In contrast, the Stengart holding does not discuss, nor is it based upon, the SCA. Rather, the New Jersey Appellate Division directly challenged the notion that a workplace policy could, by itself, convert an employee’s personal e-mails into company property. The Stengart Court defeated the presumption that an Internet and e-mail policy, however broad, could provide an employer with the authority to access an employee’s personal e-mails. Further, the Stengart holding calls into question any policy that purportedly gives an employer the authority to access an employee’s personal e-mails without greater justification than mere ownership of the computer system. The New Jersey Appellate Division concluded that, in order for the employer’s policies to be given full effect, such policies must be reasonable in nature and must concern the legitimate business interests of the employer.

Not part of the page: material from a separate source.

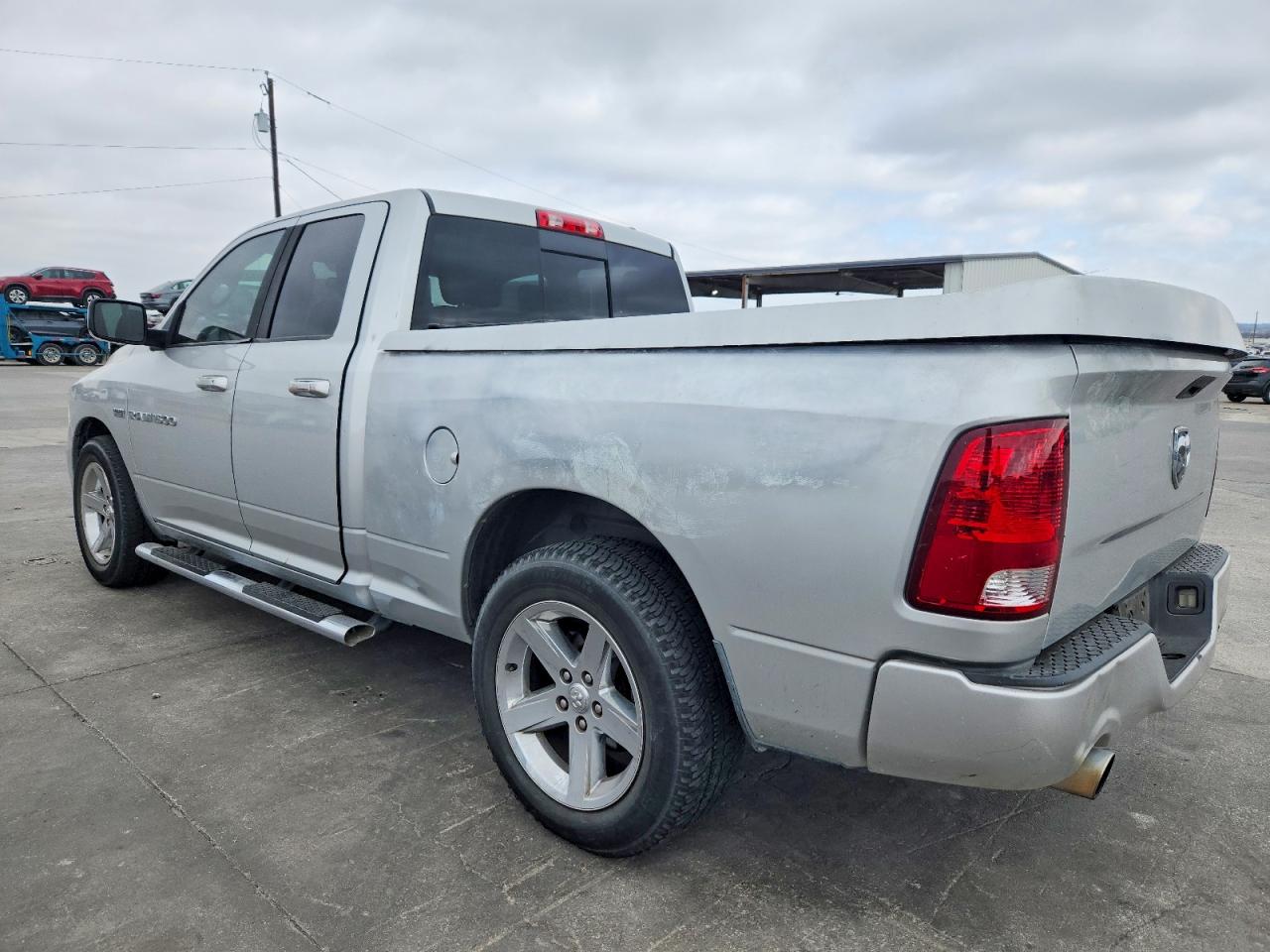 2011 DODGE RAM 1500 photo 2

In deciding not to import the SCA into its analysis, the New Jersey Appellate Division significantly broadened an employee’s right to privacy in the workplace. Despite the Appellate Division’s assertion that its holding may not be applicable in all circumstances, its conclusion indicates the opposite. If this holding is to be given full effect, the implications for all employers are overwhelming: where e-mail accounts are clearly personal and do not pertain to the employer’s business or reputation, an employer’s policies cannot assert ownership and control over their contents. This raises the necessary inquiry of whether this holding could be extended to all personal e-mails sent and received through an employer’s systems. While an employer’s legitimate business interests in its own computer system are readily discernible, if the employee’s personal e-mails do not pertain to the employer’s business or reputation, it may be asserted that, as with call monitoring policies, the employer is prohibited from reviewing the contents of the e-mail. Notably, Stengart does not prohibit an employer from monitoring an employee’s use of personal e-mail accounts. The decision does, however, restrict the employer from accessing, monitoring or confiscating the contents of the e-mail accounts and the e-mails themselves.

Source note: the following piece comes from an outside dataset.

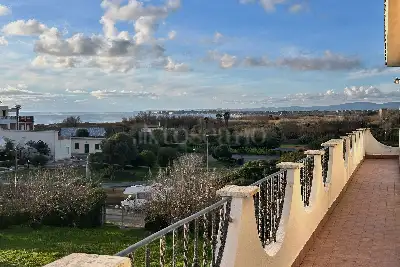 Attico in vendita, Via Florinas, Fiumicino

When Stengart is analyzed in conjunction with Pure Power, the landscape of employee privacy rights in the workplace becomes substantially broader than previously believed. Even if the e-mails relate or impact the employer’s business and/or reputation and fall within the narrow exception delineated by the New Jersey Appellate Division, an employer may still be precluded from accessing such e-mails under similar circumstances when the login information to access such personal e-mail accounts, and not the e-mails themselves, are stored in the employer’s systems. Taken together, these cases significantly limit an employer’s control and access over an employee’s personal e-mail accounts and e-mails, even where an employee may be disseminating the employer’s confidential trade secrets or blatantly violating company policy in his or her use of the Internet in the workplace.

The New Jersey Supreme Court recently granted Loving Care’s appeal of the Appellate Division’s decision, which raises the question of whether this expansive holding will withstand further scrutiny or contract an employee’s right to privacy in the workplace. As New Jersey courts, and other courts around the nation, sort through the questions left unanswered by the growing number of cases addressing these issues, it remains to be seen how great the strength of employee privacy claims in the workplace may become in this new digital age.